Thursday, June 26, 2008

Discrepancy in Timings between Application Engine and Oracle SQL Trace

I would like to draw attention to the risk of uncritically accepting performance information from either a tool or an instrumented program. It is always necessary to consider whether you can believe what you are being told, or whether something is lying to you.

In this case, I want to highlight in the Application Engine Timings report. Take the following example from Time and Labor. The AE Timings report claims that the process spends 91.5% of the execution time in SQL. This would lead you to believe that this process is affected by the performance of the SQL, and that you need to do some SQL performance tuning.

---------------------------------------------------------------------------------
Total run time : 1411.6
Total time in application SQL : 1291.7 Percent time in application SQL : 91.5%
Total time in PeopleCode : 119.4 Percent time in PeopleCode : 8.5%
Total time in cache : 0.1 Number of calls to cache : 3
---------------------------------------------------------------------------------

However, all is not quite as it appears. Faced with a potential SQL problem, I usually turn to Oracle SQL Trace. The following is taken from a TKPROF analysis of the trace file for the same process.

OVERALL TOTALS FOR ALL NON-RECURSIVE STATEMENTS

call count cpu elapsed disk query current rows
------- ------ -------- ---------- ---------- ---------- ---------- ----------
Parse 153883 1.80 2.41 0 4 0 0
Execute 192806 429.94 464.96 8398 276000 588543 123140
Fetch 52740 2.75 3.55 590 202419 0 15265
------- ------ -------- ---------- ---------- ---------- ---------- ----------
total 399429 434.49 470.93 8988 478423 588543 138405

Elapsed times include waiting on following events:
Event waited on Times Max. Wait Total Waited
---------------------------------------- Waited ---------- ------------
SQL*Net message to client 196521 0.00 0.13
SQL*Net message from client 196521 0.32 849.98
...
SQL*Net more data to client 114884 0.00 1.91
SQL*Net more data from client 250825 0.05 1.88
...

The database reports 849.98s for the idle event SQL*Net message from client, and only 470.93s on non-idle activity. So only 36% of the total elapsed time is spent in the database, the other 64% is time that the Application Engine process is busy executing code.

Why the discrepancy?

This is certainly a very chatty process. There are nearly 200,000 round-trip SQL*net messages between AE and Oracle. It could be a network latency problem. However, very little time is spent on the SQL*Net more data events so it is unlikely that there is a significant network component.

Let's look at the statements that have the longest times in AE timing report .
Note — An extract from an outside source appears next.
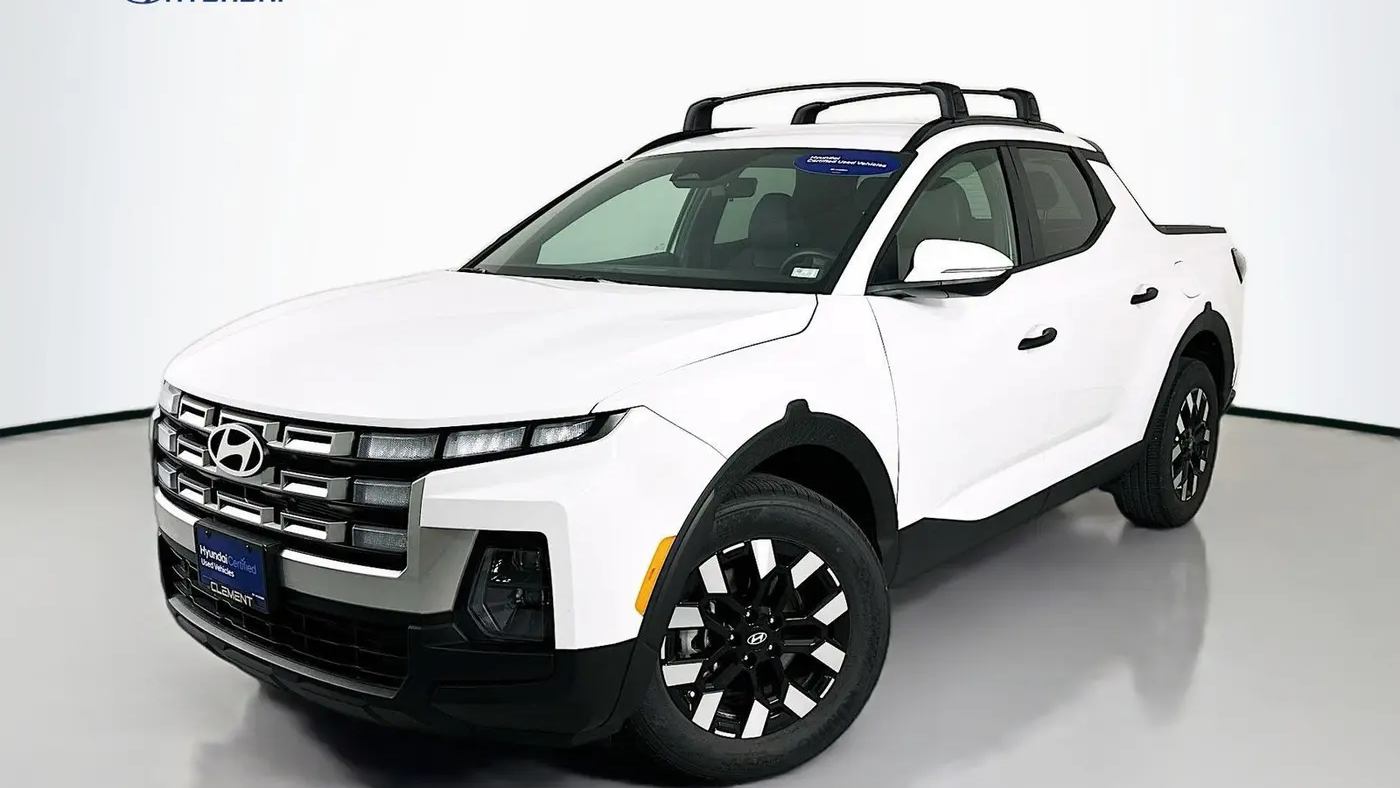 Preowned 2026 Hyundai SANTA CRUZ SEL for Sale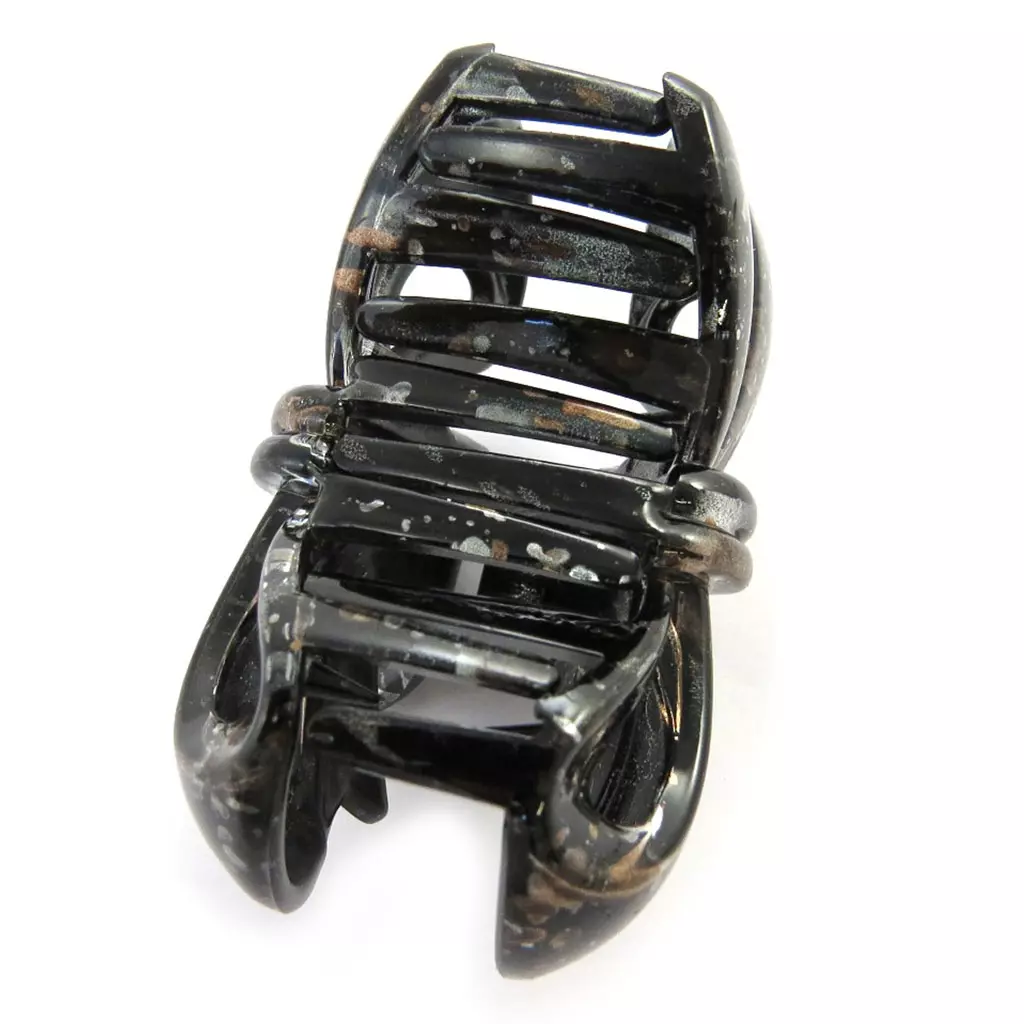 Les Trésors De Lily Pince 'Scarlett' Marron 8x6 Cm) [M7551]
                         PeopleSoft Application Engine Timings
(All timings in seconds)

C o m p i l e E x e c u t e F e t c h Total
SQL Statement Count Time Count Time Count Time Time
------------------------------ ------- -------- ------- -------- ------- -------- --------
PeopleCode

DELETE PS_SCH_ADHOC_DTL 36540 60.6 0 0.0 60.6
INSERT PS_SCH_ADHOC_DTL 71887 885.6 0 0.0 885.6
Record.SelectByKey SCH_ADHOC_DTL 36596 118.0 36596 0.0 118.0
--------
1291.7

In less than 24 minutes, some statement have been executed very frequently. So, there were lots of SQL*Net messages, because there were lots of SQL statements. These SQL statements are submitted from PeopleCode. It is very likely we are in some sort of procedural loop, and therein lies the problem.

PeopleSoft programs can only measure the time taken to execute SQL from the perspective of the client program. In this case the timings are calculated by instrumentation inside Application Engine and PeopleCode. Meanwhile, the timings in the Oracle trace are obtained from instrumentation within the Oracle kernel.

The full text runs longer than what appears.